-- Work to complete --
Check each line of the data for "Chevrolet", then give the number of lines that have it, without any other words.

[[ Extracted data open ]]

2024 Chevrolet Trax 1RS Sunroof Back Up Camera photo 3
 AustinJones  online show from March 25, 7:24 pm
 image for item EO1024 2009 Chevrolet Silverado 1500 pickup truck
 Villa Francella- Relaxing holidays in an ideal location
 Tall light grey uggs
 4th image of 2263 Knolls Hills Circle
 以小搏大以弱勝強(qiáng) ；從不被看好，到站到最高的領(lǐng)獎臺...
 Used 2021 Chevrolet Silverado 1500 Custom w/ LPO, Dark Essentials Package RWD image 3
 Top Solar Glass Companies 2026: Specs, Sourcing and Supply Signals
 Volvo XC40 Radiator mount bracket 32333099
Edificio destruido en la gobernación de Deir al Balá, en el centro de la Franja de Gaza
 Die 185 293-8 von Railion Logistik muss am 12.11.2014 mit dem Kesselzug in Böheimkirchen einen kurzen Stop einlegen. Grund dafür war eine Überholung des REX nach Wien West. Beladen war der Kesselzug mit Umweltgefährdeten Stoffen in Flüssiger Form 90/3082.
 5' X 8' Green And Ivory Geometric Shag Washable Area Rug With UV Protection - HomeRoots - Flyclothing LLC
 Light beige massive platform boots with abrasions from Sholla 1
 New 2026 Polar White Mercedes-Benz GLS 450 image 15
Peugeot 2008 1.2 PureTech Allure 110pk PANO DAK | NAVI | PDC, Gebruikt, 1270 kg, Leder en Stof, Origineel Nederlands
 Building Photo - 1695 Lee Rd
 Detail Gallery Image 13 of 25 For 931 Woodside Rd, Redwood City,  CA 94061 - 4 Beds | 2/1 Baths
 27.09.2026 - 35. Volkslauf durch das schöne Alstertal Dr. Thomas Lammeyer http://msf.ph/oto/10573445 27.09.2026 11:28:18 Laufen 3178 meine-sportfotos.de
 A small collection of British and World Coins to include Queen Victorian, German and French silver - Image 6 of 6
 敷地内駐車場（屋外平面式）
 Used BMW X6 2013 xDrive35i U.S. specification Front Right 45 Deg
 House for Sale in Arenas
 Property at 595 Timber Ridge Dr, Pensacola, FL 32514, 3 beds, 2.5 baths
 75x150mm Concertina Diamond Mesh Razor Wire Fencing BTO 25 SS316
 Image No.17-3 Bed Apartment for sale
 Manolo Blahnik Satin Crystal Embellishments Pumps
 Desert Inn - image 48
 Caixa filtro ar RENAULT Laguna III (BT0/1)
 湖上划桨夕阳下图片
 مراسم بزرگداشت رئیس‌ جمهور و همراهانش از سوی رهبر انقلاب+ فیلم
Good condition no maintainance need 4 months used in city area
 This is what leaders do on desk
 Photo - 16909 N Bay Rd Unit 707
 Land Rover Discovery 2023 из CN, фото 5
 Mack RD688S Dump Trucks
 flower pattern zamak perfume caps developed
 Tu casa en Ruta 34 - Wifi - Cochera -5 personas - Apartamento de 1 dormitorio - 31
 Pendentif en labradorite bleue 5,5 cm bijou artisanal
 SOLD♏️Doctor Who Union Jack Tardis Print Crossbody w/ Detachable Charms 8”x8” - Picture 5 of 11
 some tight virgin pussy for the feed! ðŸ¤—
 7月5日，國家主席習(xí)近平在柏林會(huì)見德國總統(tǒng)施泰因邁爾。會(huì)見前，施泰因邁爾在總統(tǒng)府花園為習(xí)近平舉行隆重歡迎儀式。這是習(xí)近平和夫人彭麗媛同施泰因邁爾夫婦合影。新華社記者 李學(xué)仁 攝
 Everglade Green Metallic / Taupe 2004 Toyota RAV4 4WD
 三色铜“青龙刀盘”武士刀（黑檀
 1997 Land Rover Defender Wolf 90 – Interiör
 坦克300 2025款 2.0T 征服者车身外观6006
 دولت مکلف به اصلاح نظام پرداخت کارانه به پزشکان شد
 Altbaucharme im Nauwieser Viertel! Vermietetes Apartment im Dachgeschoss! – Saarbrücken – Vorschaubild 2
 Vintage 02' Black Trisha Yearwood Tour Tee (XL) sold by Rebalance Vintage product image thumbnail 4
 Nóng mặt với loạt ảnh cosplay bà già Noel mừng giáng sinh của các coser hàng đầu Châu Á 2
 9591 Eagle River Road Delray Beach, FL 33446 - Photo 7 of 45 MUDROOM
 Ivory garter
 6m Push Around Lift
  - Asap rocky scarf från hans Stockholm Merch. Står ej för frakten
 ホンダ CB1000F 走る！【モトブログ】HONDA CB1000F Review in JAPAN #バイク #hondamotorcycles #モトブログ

[[ Extracted data closed ]]

-- Expected answer --
3